═══ Dataset extract ═══

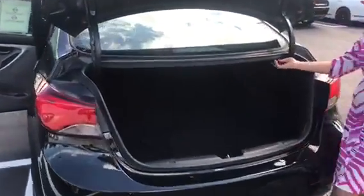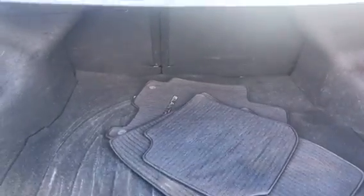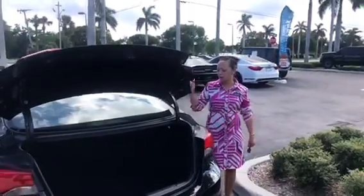Another great thing — you can pull down your seats from right here. There's your original mats.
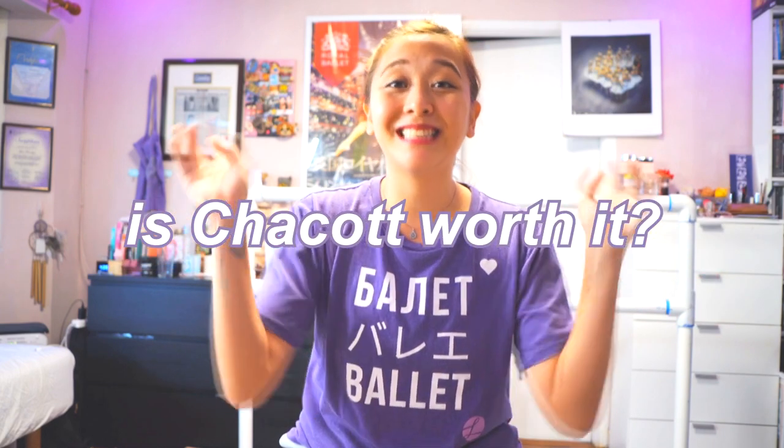Hi dancers, it's Teacher Linda. Today I'm going to be talking about one of my favorite brands. I got this question off of Instagram, and I know a lot of you see me wear Chacot, or Chakotto in Nihongo, Japanese. So is Chacot or Chakot worth it to buy?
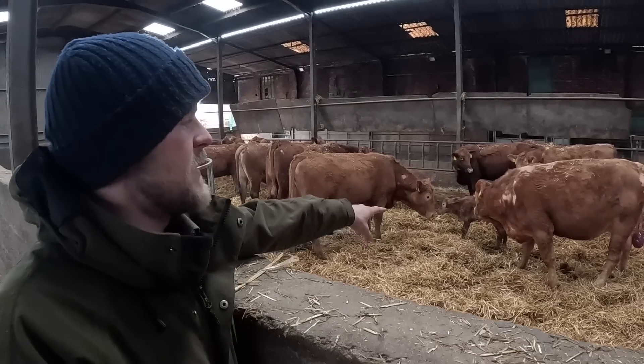That's a stabiliser heifer calf and it's out of this cow here. I think it's probably the biggest news that I have ever had.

═══

What the task asks: Exact copy required, pictures excluded: the lines from the one holding "Hi dancers, it's" through the last line of the data, both ends included.

Completed task:
Hi dancers, it's Teacher Linda. Today I'm going to be talking about one of my favorite brands. I got this question off of Instagram, and I know a lot of you see me wear Chacot, or Chakotto in Nihongo, Japanese. So is Chacot or Chakot worth it to buy?
That's a stabiliser heifer calf and it's out of this cow here. I think it's probably the biggest news that I have ever had.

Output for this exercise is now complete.